3. Packet transmission:
— The sender transmits the UDP packet containing the message over the network, without a handshake.
— UDP does not establish a connection before sending the packet, so it can be sent directly to the receiver without prior synchronization.

4. Receiver socket:
— The receiver listens for incoming UDP packets on its specified port.
— When the UDP packet arrives, the receiver extracts the message from the packet.
— The receiver uses the source port number to identify the sender of the message.

5. Editing messages:
— The receiver processes the message based on the requirements of its application.
— UDP does not guarantee packet delivery order or reliability, so the recipient handles any necessary debugging orlayouts at the application level.

UDP – Pros and Cons

Connectionless Communication: UDP is a connectionless protocol, meaning it does not establish a dedicated connection before transmitting data. It allows single packets (datagrams) to be sent from source to destination, without prior synchronization or negotiation.

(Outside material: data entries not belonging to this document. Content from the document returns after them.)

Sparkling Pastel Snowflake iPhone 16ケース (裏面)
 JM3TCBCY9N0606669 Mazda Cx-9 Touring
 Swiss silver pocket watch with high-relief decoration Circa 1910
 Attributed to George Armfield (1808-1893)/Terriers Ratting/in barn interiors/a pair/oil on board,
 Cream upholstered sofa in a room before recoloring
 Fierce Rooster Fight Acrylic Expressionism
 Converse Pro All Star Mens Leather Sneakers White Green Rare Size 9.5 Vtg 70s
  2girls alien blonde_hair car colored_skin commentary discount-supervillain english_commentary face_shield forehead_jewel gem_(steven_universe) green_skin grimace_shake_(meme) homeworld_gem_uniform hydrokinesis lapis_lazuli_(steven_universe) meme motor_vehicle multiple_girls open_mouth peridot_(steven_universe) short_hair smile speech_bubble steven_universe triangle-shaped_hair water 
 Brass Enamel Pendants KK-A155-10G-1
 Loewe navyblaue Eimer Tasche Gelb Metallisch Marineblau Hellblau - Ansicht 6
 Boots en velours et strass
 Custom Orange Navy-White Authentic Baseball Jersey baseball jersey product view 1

Fast and light: UDP is designed for speed and efficiency. It works with less protocol-related processing, making it faster and more suitable for applications that require real-time data transmission, such as audio/video streaming or gamea in real time (streaming). He doesn't waste time with handshakes!

Unreliable delivery: UDP does not guarantee the delivery of packets or the order in which they were received. It does not provide acknowledgment or retransmission mechanisms for lost or damaged packets. Therefore, reliability and error checking must be handled at the application level, if required.

Datagram size limit: UDP has a maximum datagram size limit, which depends on the underlying network infrastructure. It allows applications to send a fixed size payload without fragmentation.

Which one is the best;

There is no better and worse. Each one has pros and cons and is therefore built for a purpose.

UDP is suitable for scenarios where low overhead, speed and real-time communication are critical and some packet loss is acceptable.

It is commonly used in applications such as Domain Name System (DNS) lookups, VoIP (Voice over IP) calls, video streaming, online gaming, and other situations where on-time delivery is more important than reliability.

TCP is slower but emphasizes the stability of the connection, the secure sending of data between two computers only.

It is suitable for communication with banks, for remote management applications, meetings and in general for anything you want to reach its destination safely, tolerating the slowest speed.

So the next time you want to make a change in the port-marring of your router, you won't wonder what these TCP and UDP are.

You should be able to recognize what they mean and choose the one used by the application you want to send to a computer on your network.

Like for example if you want to change port in Remote Desktop of Windows.